**Task instructions:**
With the exception of the pictures, write out the data below precisely.

**Listed entries:**
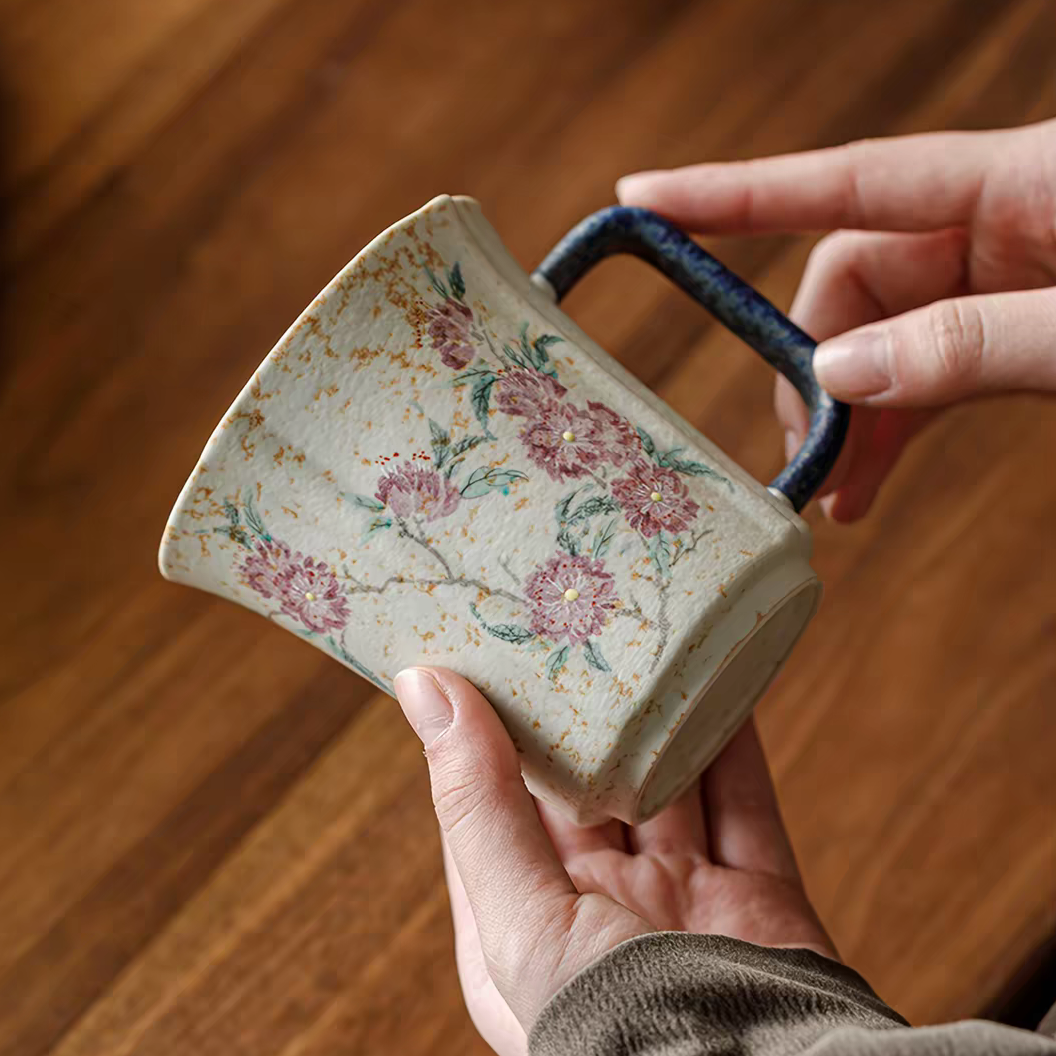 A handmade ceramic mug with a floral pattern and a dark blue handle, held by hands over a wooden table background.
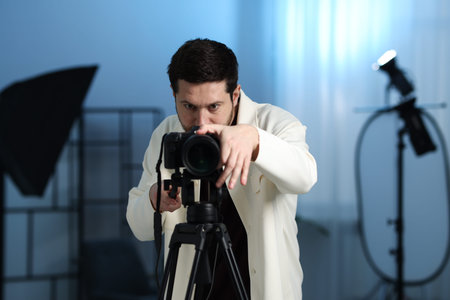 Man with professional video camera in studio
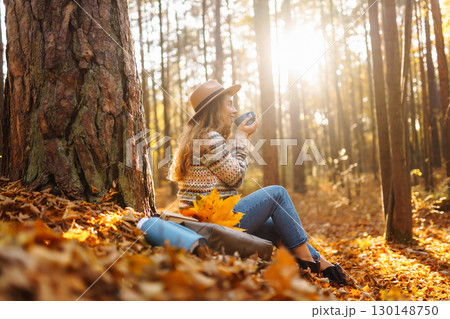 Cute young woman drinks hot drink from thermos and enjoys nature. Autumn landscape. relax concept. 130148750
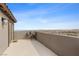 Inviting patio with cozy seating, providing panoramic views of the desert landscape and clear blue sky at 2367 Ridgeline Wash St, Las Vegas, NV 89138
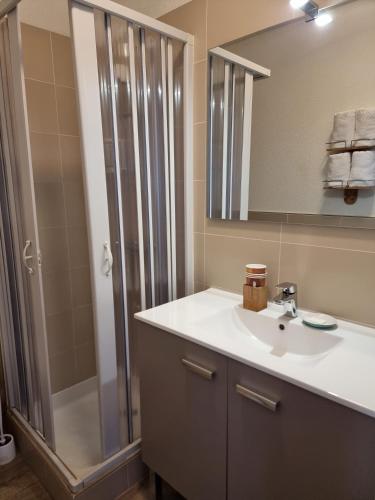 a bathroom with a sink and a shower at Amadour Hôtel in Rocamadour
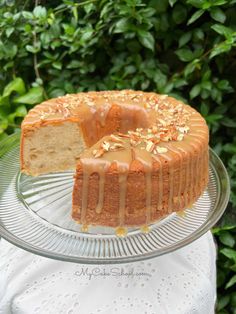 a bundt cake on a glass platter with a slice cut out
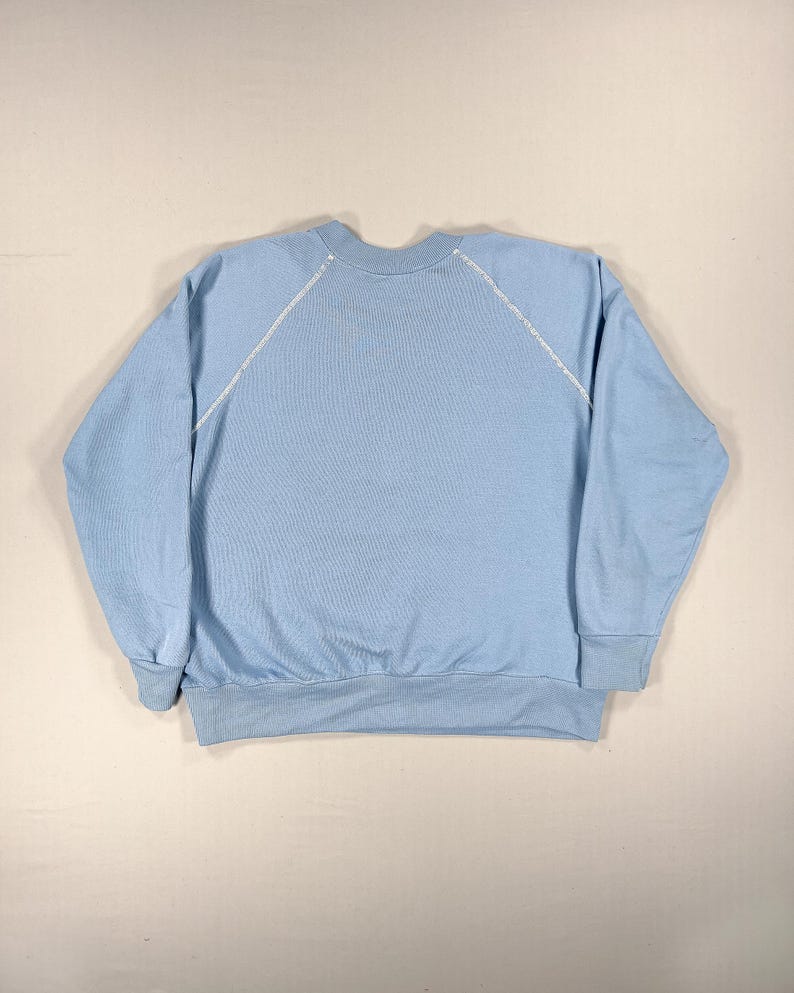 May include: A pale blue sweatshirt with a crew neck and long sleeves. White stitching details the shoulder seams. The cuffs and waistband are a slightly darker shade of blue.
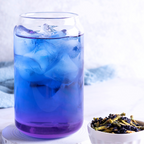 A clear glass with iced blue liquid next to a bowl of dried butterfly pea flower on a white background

**Response to this exercise:**
 A handmade ceramic mug with a floral pattern and a dark blue handle, held by hands over a wooden table background.
 Man with professional video camera in studio
 Cute young woman drinks hot drink from thermos and enjoys nature. Autumn landscape. relax concept. 130148750
 Inviting patio with cozy seating, providing panoramic views of the desert landscape and clear blue sky at 2367 Ridgeline Wash St, Las Vegas, NV 89138
 a bathroom with a sink and a shower at Amadour Hôtel in Rocamadour
 a bundt cake on a glass platter with a slice cut out
 May include: A pale blue sweatshirt with a crew neck and long sleeves. White stitching details the shoulder seams. The cuffs and waistband are a slightly darker shade of blue.
 A clear glass with iced blue liquid next to a bowl of dried butterfly pea flower on a white background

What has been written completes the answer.